Como sempre foi, as pessoas se comportam de maneira muito estranha, digo, esperamos da vida uma melhora, do outro a retribuição, de Deus uma resposta. E então, é isso?! Viver é ficar insatisfeito em silêncio esperando que mude por que foi socialmente convencionado que devemos nos portar dessa ou daquela forma. As vezes me sinto com 200 anos, sentada na varanda de casa e olhando pra trás, pensando, e se eu tivesse feito diferente? Respondido um recado, trocado de roupa, ouvido minha mãe, fechado a janela. A pior parte é quando eu me toco que teria sido muito melhor se...
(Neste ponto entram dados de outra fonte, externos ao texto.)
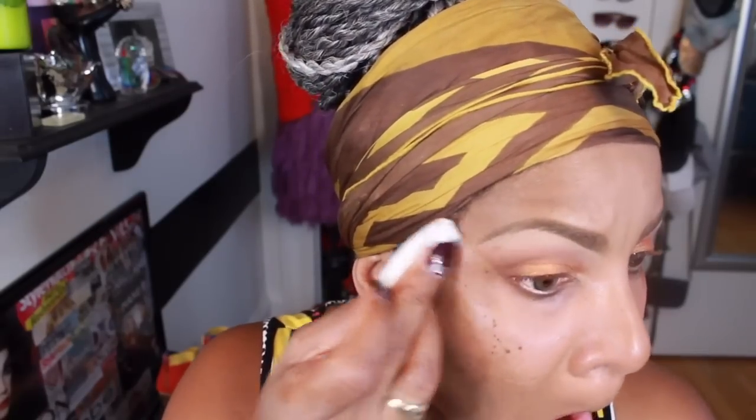Now I'm taking a makeup wipe by Equate and I am cleaning up the fallout that is under my eyes. And now I'm using Studio Fix in Color NC45 — the liquid formula — with the Real Techniques Buffing Brush, buffing my foundation into my face, making the foundation one with my skin.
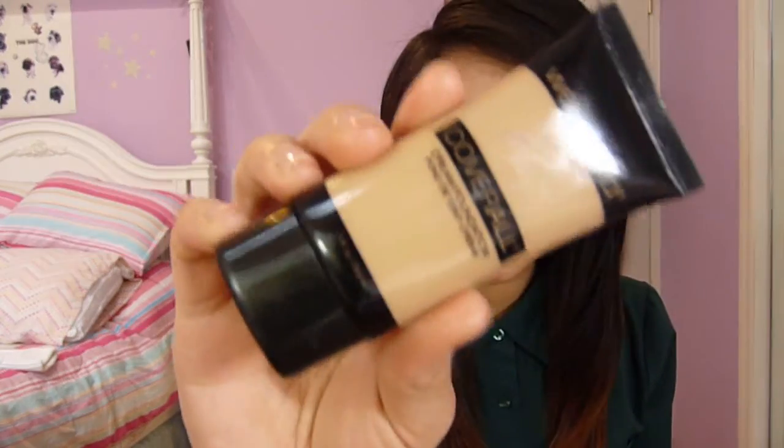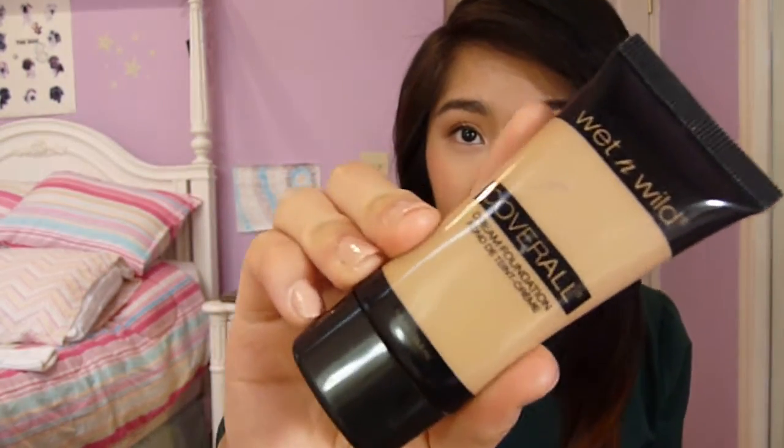The Wet n Wild Coverall Cream Foundation comes in a little squeeze tube like this with one fluid ounce, like most liquid foundations have. I picked mine up for around $2 or $3 at my local Rite Aid because Wet n Wild was on sale, but usually it's around $4 — definitely under $5. So around $4 something, which is extremely affordable, and if you get it on sale, it's even cheaper.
Ai ai, como é metódico esse conformismo, penso muito nisso, me sinto até melancólica as vezes, pelo menos não incomodo ninguém, vivo normalmente, sem reflexos desses questionamentos, que lá no fundo, eu sei que todo mundo tem.
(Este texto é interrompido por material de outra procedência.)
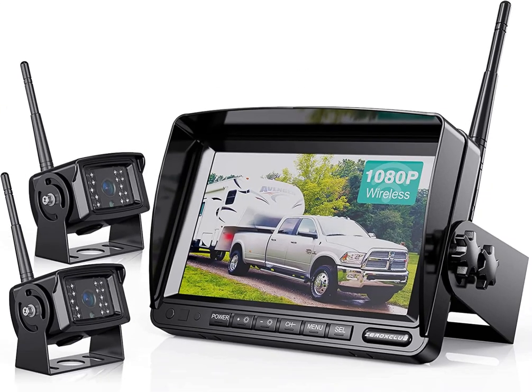This is Chino with Chino University and I'm reviewing this 1080p digital wireless backup camera system for RV, truck, trailer, van, or bus, featuring a 7-inch HD LCD monitor and two IP69 waterproof cameras. I just recently installed this system on my two 53-foot drive-man trailers and I love it.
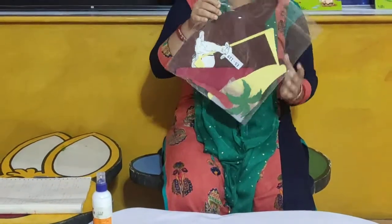Hello children, welcome to our EuroKids Kodi online classroom. I am your Shilpe Mase. So children, today we are going to make your take away.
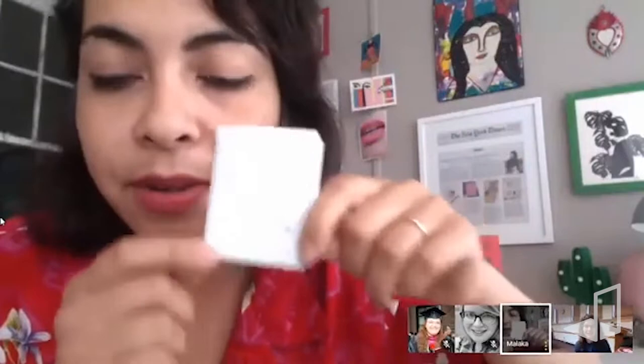You can make a zine as small as this, or as big as this — even really really big. It just depends on what paper size you have. You're going to fold this piece of paper into eight.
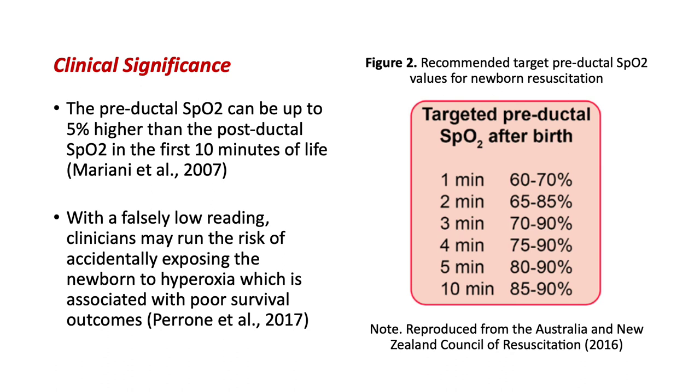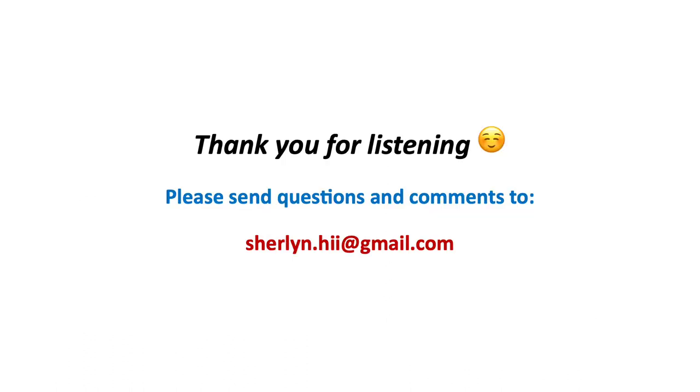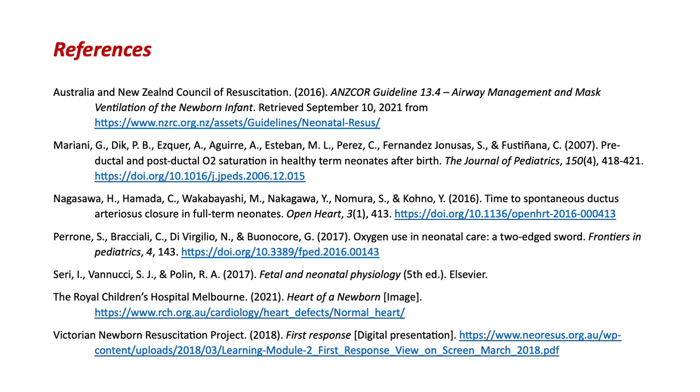Remember, baby's oxygen saturations when in utero are actually sitting usually only around 70%. So it is going to take a little bit of time to adjust to atmospheric air, which is why the Australia and New Zealand Council of Resuscitation provide us with a very specific oxygen guideline. So there you go — one less mystery to worry about. Thank you so much for listening. I hope this video was useful. Like I said, I'm not an expert and I'm totally happy for any feedback. My email is there if you have any correspondence or questions. And here are some references — thank you.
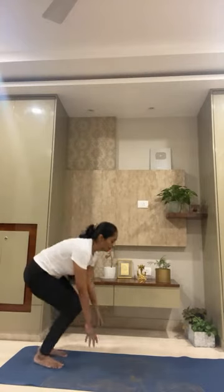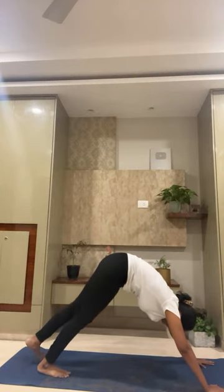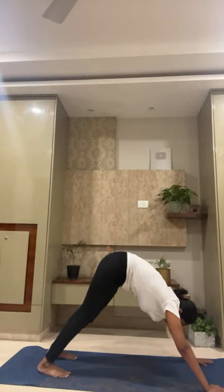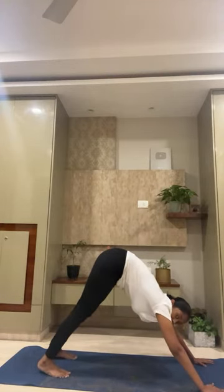Seema is asking how to do parvatasana. That's actually the wrong name — it is adho mukha shvanasana, which means downward facing dog. People have started calling it parvatasana because when your bum is up you look like a mountain, but it's actually downward facing dog. To do it: after bhujangasana, you slowly push your hips back, come onto your toes, lift your hips up, and then place the feet completely on the mat.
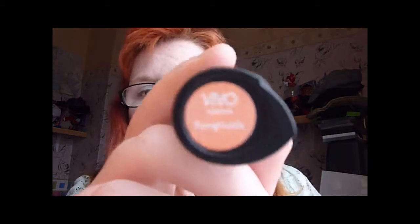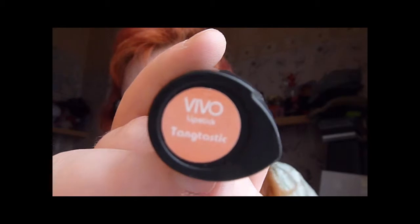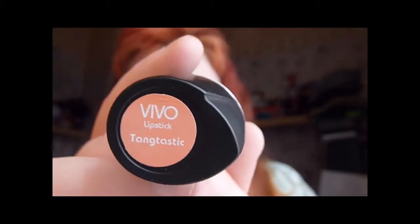Moving on to lips. I wanted a coral colour because corals are big this summer, and I also wanted to try a matte lipstick. I got this one from Vivo, which is in Desco. It's okay — I do like it and I like the colour. I've also ordered another coral lipstick from Amazon.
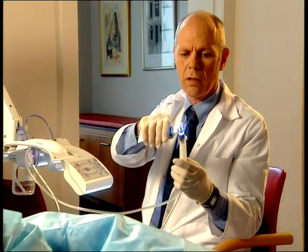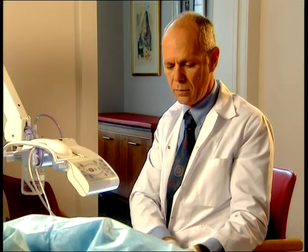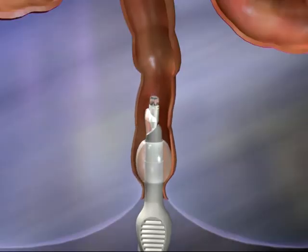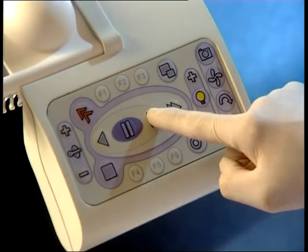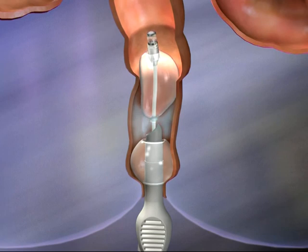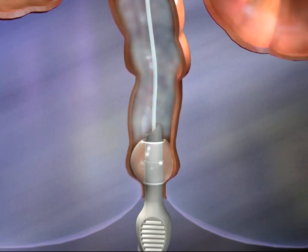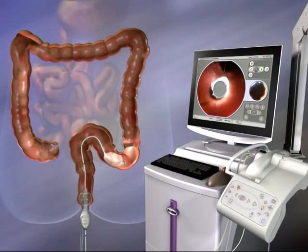To begin the examination, the rectal introducer is inserted and the rectal balloon is inflated to anchor the device and seal the anus. The scanner balloon is then inflated. CO2 is delivered through the gap between the rectal introducer and the supply cable, and fills the space between the two balloons.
Na verdade mesmo, queria ter comprado minha alforria quando era criança, vivido do jeito que eu queria, e olha que nem estou falando de me rebelar contra meus pais e fugir de casa, não, na verdade só queria poder gostar, e eu realmente gostava, do que era respectivo a minha idade, pra poder brincar com quem dividia os mesmos interesses que eu, para daí então nutrir uma amizade que duraria a vida interia, o que evitaria boa parte desses questionamentos sobre a vida que tenho hoje.
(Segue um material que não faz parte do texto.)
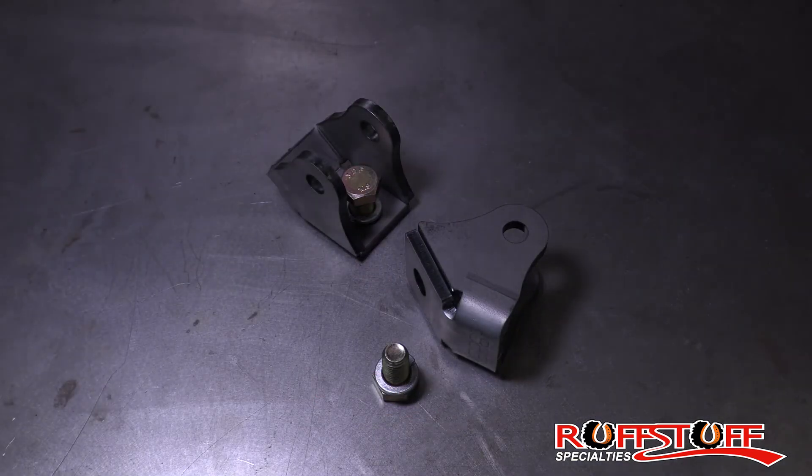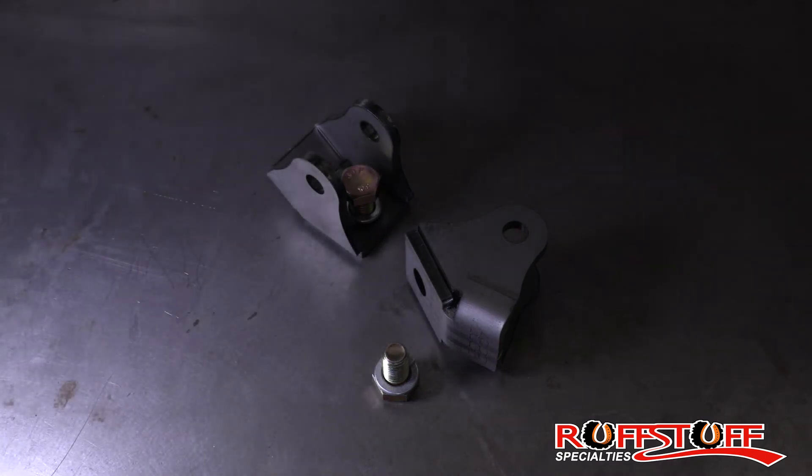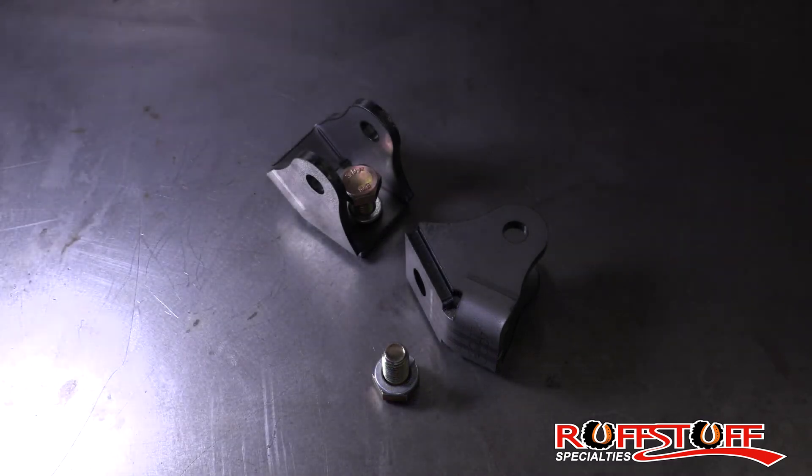We do recommend these are welded onto the inner C, but the bolt works great for locating and fixturing purposes and to get you to a professional welder in a pinch if you need it.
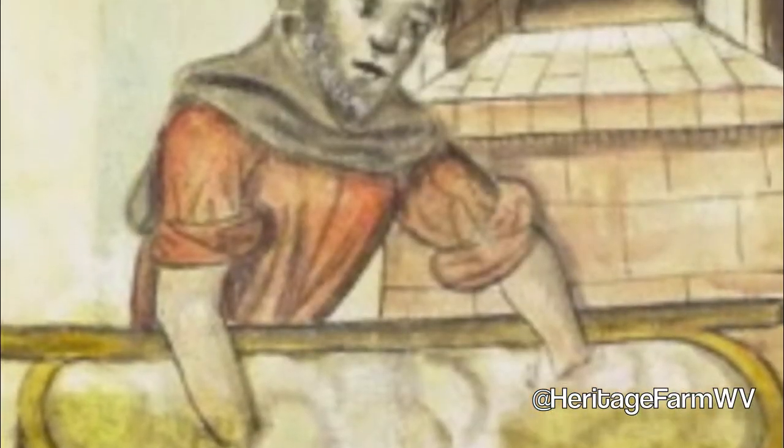They could make up their bread, bake it in a community oven, and then have enough bread to last them through the week.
quarta-feira, 9 de março de 2011

Às avessas

Hoje fui ver o filme da Bruna Surfistinha. Já tinha lido o livro, achei interessante e acho válido ressaltar algumas coisas, como por exemplo que longe de mim julgá-la afinal cada um toma as decisões que achar mais válido pra sua vida, também aplaudo a falta de hipocrisia da Raquel/Bruna Surfistinha, ela assume seus atos e conseqüências sem tentar pagar de puritana só por conveniência.

No fim das contas em relação à história tanto do livro quanto do filme a única questão que posso dizer que discordo é sobre a família dela, me parece um pouco de ingratidão, por que mesmo que ela não tenha recebido tudo que ela sonhava, teve muito mais do que muita gente recebe e merece como ser humano, desde os fatores básicos como comida e um teto às oportunidades como estudar em boas escolas. Enfim, mas ninguém saberá como foi ou de onde surgiu , sem contar que sempre haverá a versão da Raquel/Bruna Surfistinha e outra dos pais adotivos.

Mas não dá pra colocá-la num pedestal como heroína e tomar sua história como exemplo na íntegra, pois dentro dessa grande trama que envolve determinação, força de vontade e superação, há também a questão dos valores, não da mulher que se prostitui, afinal é uma profissão que pra mim é digna, veja Amsterdã. Os valores estão em baixa quando se trata de outras superações, da evolução acadêmica, de quem ralou pra entrar na faculdade federal, da minha amiga que tenta medicina incansavelmente sem desistir do seu sonho ou se render as facilidades de faculdade particulares que jamais lhe dariam a formação que merece. Dos professores que possuem pós doutorado e fazem o país crescer. Todos têm o seu brilho, assim como a Bruna teve na sua carreira, não tiro o mérito dela, de forma alguma, só não se pode deixar valorizar umas coisas em detrimento de outras e romantizar histórias como essa, apelando para compaixão de quem assiste ou lê, até por quê, coitadinha sou eu que nasci, neste país, inteligente ao invés de "gostosa".